Short text fragments from websites:
====

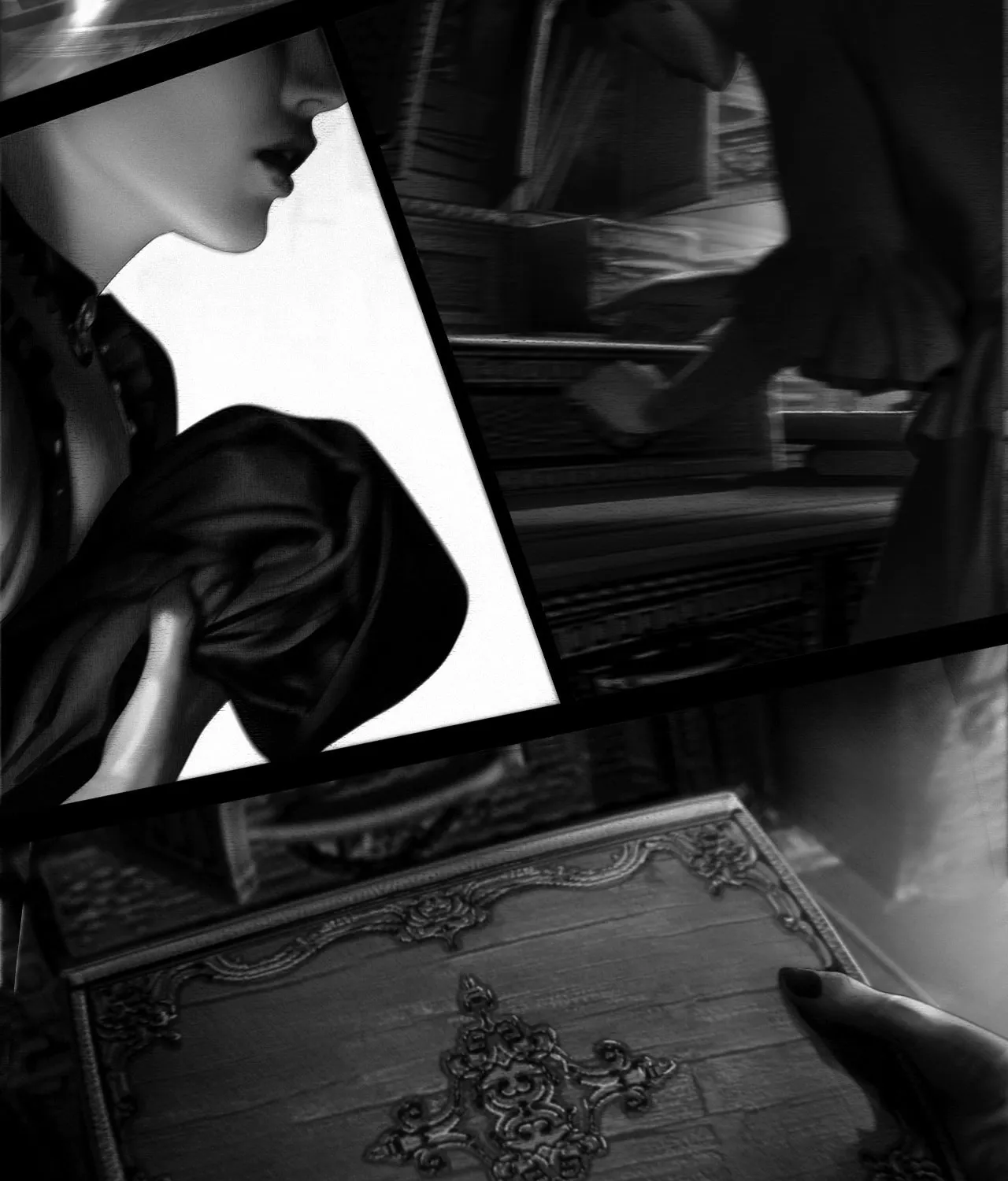 AISHA Chapter 0 page 18 - 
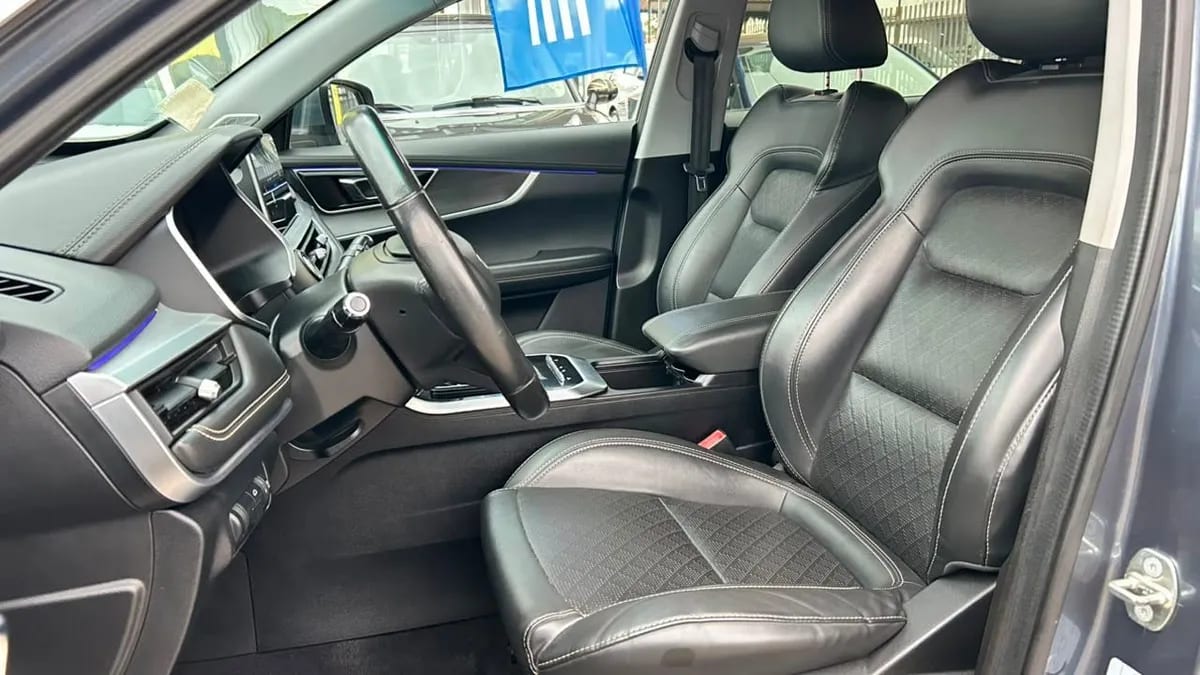 Chery Tiggo 8 Glx 1.5 año 2021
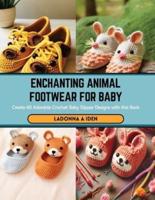 Enchanting Animal Footwear for Baby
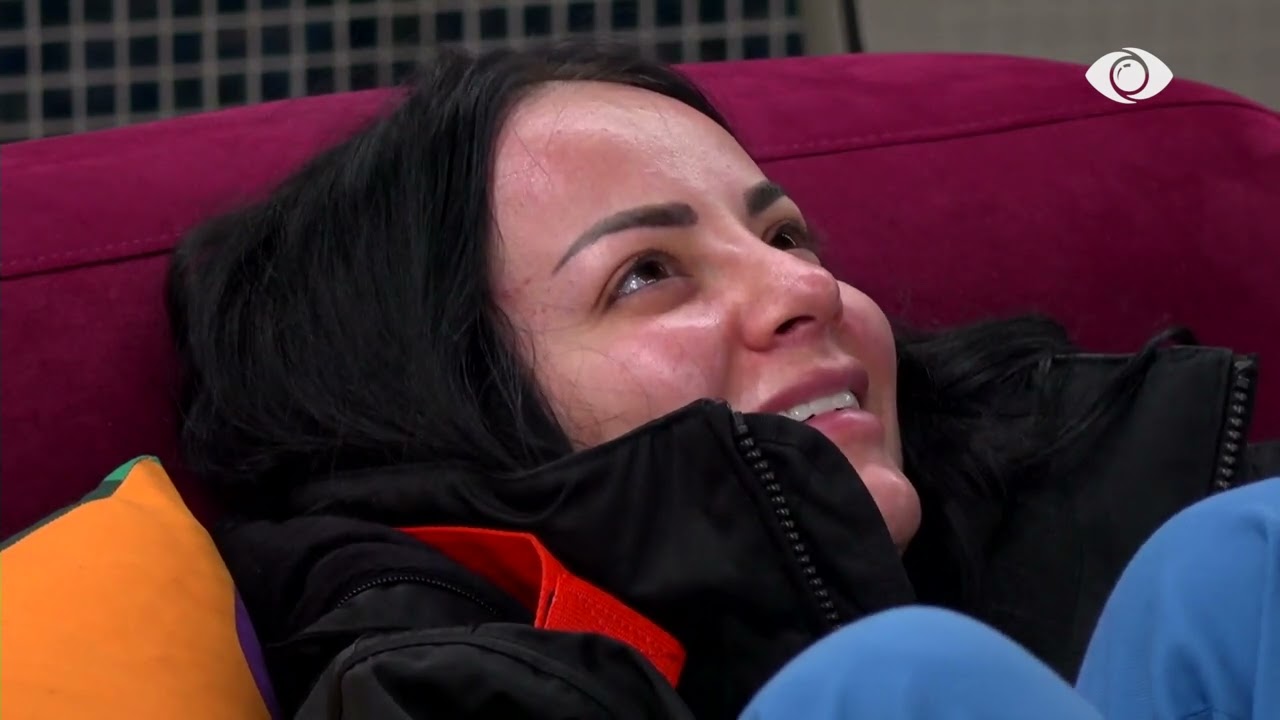 “Ke dashur të më bësh për budallaqe”, Sara diskuton me Bardhin - Big Brother Albania VIP 3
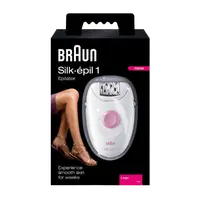 BRAUN Silk-épil 1170 L, Epilátor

====

What you have to do:
Output, exactly and without pictures, the lines above that run from the one containing "Enchanting Animal Footwear for Baby" through the last line of the entries, inclusive.

Answer for this exercise:
 Enchanting Animal Footwear for Baby
 “Ke dashur të më bësh për budallaqe”, Sara diskuton me Bardhin - Big Brother Albania VIP 3
 BRAUN Silk-épil 1170 L, Epilátor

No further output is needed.